Indian Tribe Won’t Let National Guard Into “Most Notorious Area for Drugs Entering the County”—Border Patrol: “They Told Us They Don’t Want White Man on Their Land”
An Indian reservation along one of the most perilous sections of the Mexican border won’t allow National Guard troops to enter its land, which is a notorious smuggling corridor determined by the U.S. government to be a “High Intensity Drug Trafficking Area (HIDTA).” Sources inside the U.S. Border Patrol and other law enforcement agencies working along the Arizona-Mexico border tell Judicial Watch that the tribe, Tohono O’odham Nation, has banned National Guard troops deployed by President Donald Trump to help crack down on a crisis of drug smuggling and illegal crossings along the 2,000-mile southern border. “They told us they don’t want white man on their land,” said a high-level federal official working in the region. “The agency, of course, is going to cater to that.”
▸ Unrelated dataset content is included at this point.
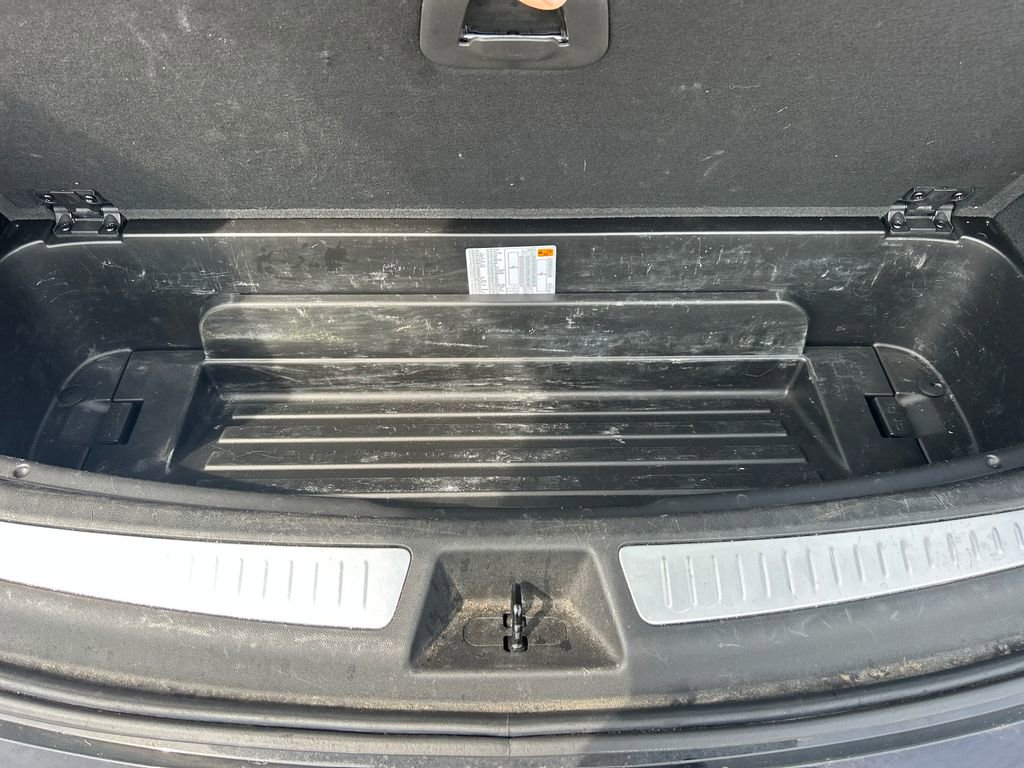 Used 2023 Cadillac XT6 Sport image 48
It’s not the first time the Tohono O’odham reservation, which is in the south-central Arizona Sonoran Desert, bans law enforcement personnel from its land which shares about 75 miles of border with Mexico. The reservation is about 2.8 million acres or roughly the size of Connecticut and has about 30,000 members. The reservation terrain consists largely of mountains and desert making it difficult to patrol. For years it has appeared on the Drug Enforcement Administration’s (DEA) HIDTA list because it’s a significant center of illegal drug production, manufacturing, importation and distribution. The reservation is a primary transshipment zone for methamphetamine, cocaine, heroin and marijuana destined for the United States, a DEA official revealed in congressional testimony a few years ago. In 2015 Arizona led all four Border Patrol sectors in drug seizures with 928,858 pounds of drugs confiscated, according to agency figures.
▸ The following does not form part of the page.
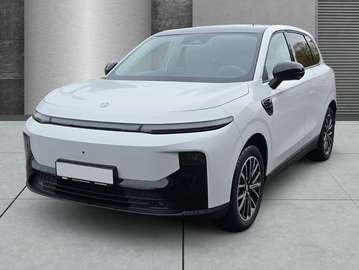 56,2kWh Life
A few years ago, the tribe prohibited the Border Patrol from entering its land by cordoning off a road in the southeast corner of the reservation with a barbed wired gate. A hand-written cardboard sign reading “Closed, Do Not Open” was posted on the fence to keep federal agents out. “This is the location used most for trafficking drugs into the country,” a frustrated longtime Border Patrol source told Judicial Watch at the time, adding that agents assigned to the area were “livid.” The relationship between the Border Patrol and the tribe has been stormy over the years, with accusations of human rights violations by federal agents and allegations that the agents’ presence has implemented a police state. The tribe’s official website says that nine of its communities are located in Mexico and they are separated by the United States/Mexico border. “In fact, the U.S.-Mexico border has become an artificial barrier to the freedom of the Tohono O’odham,” the tribe claims.
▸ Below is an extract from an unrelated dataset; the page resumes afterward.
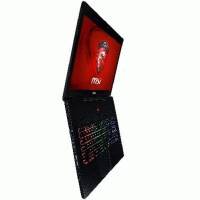 ноутбук MSI GS70 2OD-016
Federal agents on the ground say the reality is that the area is a hotbed of drug smuggling that desperately needs the extra manpower offered by the National Guard. “It’s the most notorious area for drugs entering the country and we will not have National Guard assisting us,” a veteran agent said this week. A New York Times story published years ago explained that tightening of border security to the east and west after the 9/11 terrorist attacks funneled more drug traffic through the Tohono O’odham reservation. This created a need for more Border Patrol officers to be deployed to the crime-infested area. The article also revealed that tribe members are complicit in the trafficking business. “Hundreds of tribal members have been prosecuted in federal, state or tribal courts for smuggling drugs or humans, taking offers that reach $5,000 for storing marijuana or transporting it across the reservation,” the article states. “In a few families, both parents have been sent to prison, leaving grandparents to raise the children.” The drug smugglers work mainly for the notorious Sinaloa Cartel, the piece revealed.
Nevertheless, the government has long caved into the tribe’s preposterous restrictions without even threatening to withhold federal funds. Back in 2006, the Tohono O’odham council passed a resolution forbidding National Guard troops from assisting Border Patrol by using mountains as observation posts. A local newspaper report said the ban would apply to “an area known for drug trafficking and people smuggling.” The tribe has also refused to allow a fence to be erected along the most vulnerable and crime-infested portion of the border. In fact, years before the National Guard and fence ban, a Congressional investigative report revealed that more than 100,000 pounds of marijuana, 144 grams of cocaine and 6,600 grams of methamphetamine were seized on the Tohono O’odham Nation.